The first step is making your yard and garden less desirable for these
creatures. Keep the garden clear of debris that offer moist, dark hiding
places and be careful about over watering. Keep an eye on ground covers of
ivy and succulents, which are snail and slug, habitat. Wait to mulch until
the plants are well established or the temperatures are over 70F.
Cultivating the soil around your garden beds frequently will help destroy
snail and slug eggs before they hatch. Learn to like ground beetles, garter
snakes, moles and shrews because they all prey on slugs. Slugs really love
Campanula carpatica, Chinese cabbage, delphinium, gentian, hosta, lettuce,
lilies, mustard greens, petunias,
marigolds, primroses, strawberries, and trillium. This is the short list
they like to eat other things too.

Here are a few ways to help discourage slugs and snails from eating
your garden:

Invite more birds into your yard by installing a birdbath. Planting a
variety of fruit bearing shrubs is a good way to encourage birds to stay in
your garden. They have hungry babies and slugs are a wonderful meal.The
larvae of some ground beetles and rove beetles eat slugs. You can encourage
them to set up house in your garden by providing permanent grass pathways,
stones or planks and perennial beds that provide shelter. A garden healthy
in organic matter also helps increase their number. Firefly larvae and
centipedes will also eat slug eggs.

Put up barriers to slugs travels patterns. When slugs and snails travel they
secrete a layer of slime which protects their foot and enables them to
travel over a variety of surfaces. Using some of the solutions below will
help you to keep the pests out of your garden.

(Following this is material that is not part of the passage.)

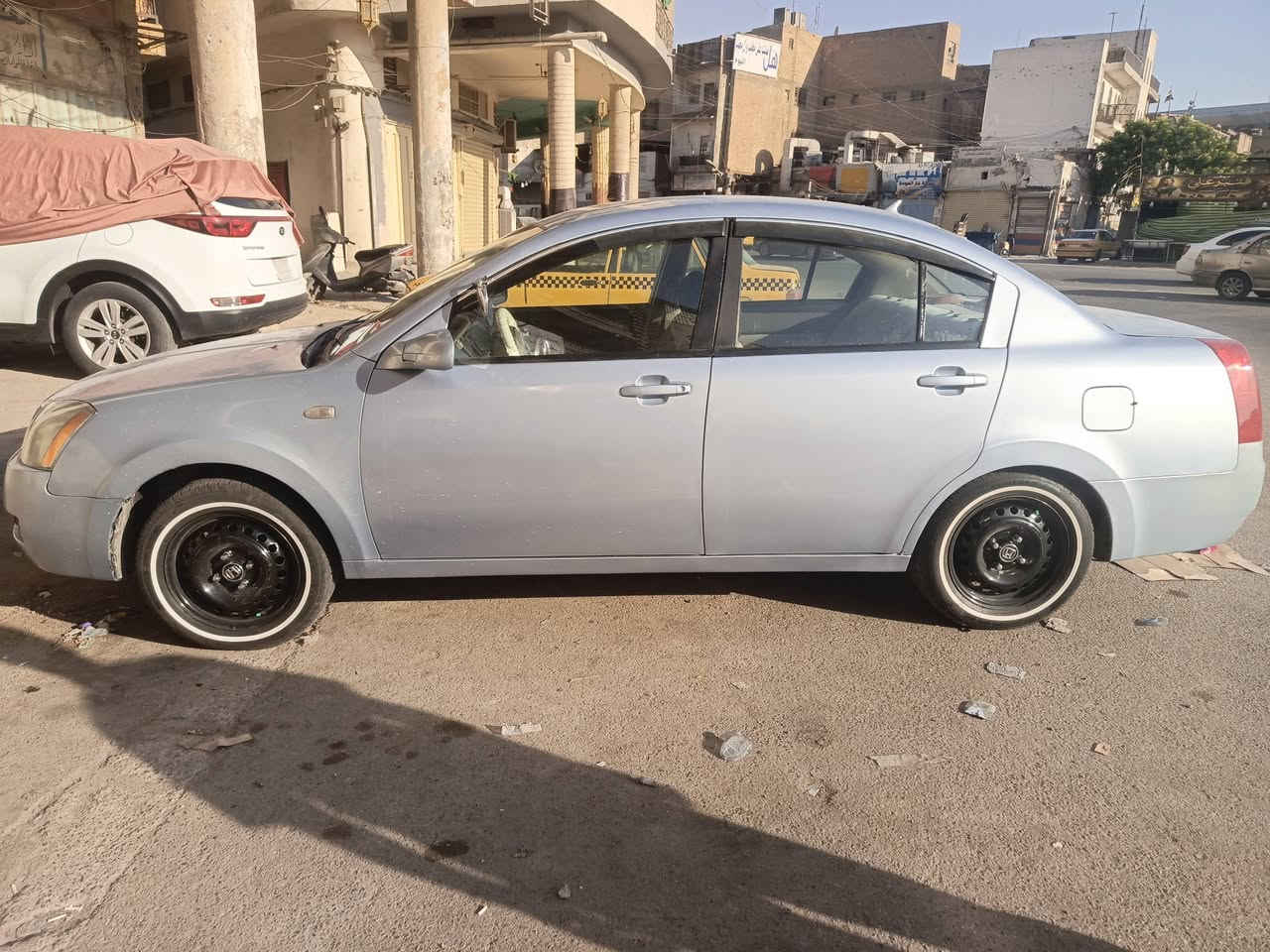 السلام عليكم شيري للبيع السعر 35وبيها مجال. وهذا رقمي ***********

Crushed eggshells. Their edges are too sharp for the slugs to pass over.Wood
ashes are caustic to slugs and snails but in limited quantities won't hurt
your flowers.
Human hair sticks to the slug making it difficult for them to slime around
the garden.
Coarse sand sticks to the slug and is too hard for them to cross.Sawdust
sticks to the slug making it difficult for them to slime around the
garden.Garden lime, you can sprinkle a little lime around and slugs won't
pass over it. Copper strips, 10 cm/4 inches wide. Place rings around
favorite plants Slugs and snails are said to get an electric shock when
their 'foot' touches the metal and they can't cross the barriers.
Diatomaceous earth sprinkled 3 times a month, more if the rains are
frequent. Sand paper, cut a slit to the center and another little circle at
the center to accommodate the plant stem. Remains of grapefruit halves
turned upside down in the garden and left overnight. Raise your garden beds.
The surface of a raised bed dries out more quickly from a rainstorm making
it a less attractive place for slugs to hang out.Hand picking is an
excellent remedy. If the slime on the slugs bothers you use gloves. Put them
in a container with a screw top lid and toss them in the garbage. Coffee
grounds are very unpleasant to slugs.The old stand by of bear in yogurt
containers works well. Cut a
rectangular opening on two sides of the yogurt cup just below the opening.
The put the lid on and bury the container with the bottom of the slits just
above the soil line.

Varieties of plants that are not attractive to slugs;
agapanthus
anemone
artemesia
amsonia
aruncus
astilbe
asters (both perennial and annual)
monarda
begonia
some campanulas
rudbeckia
dicentra
calendula
columbine
cosmos
echinacea
daffadills
geraniums
daylilies
coral bells
dianthus
ferns
fox glove
nasturtiums
oregano
lobelia
hellebores
lavender
lamb's ears
poppies
rosemary
sage
santolina
sedum
sundrops
sunflowers
violets
yarrow
There are others that slugs and snails don't like very well especially
plants with tough ever green leaves.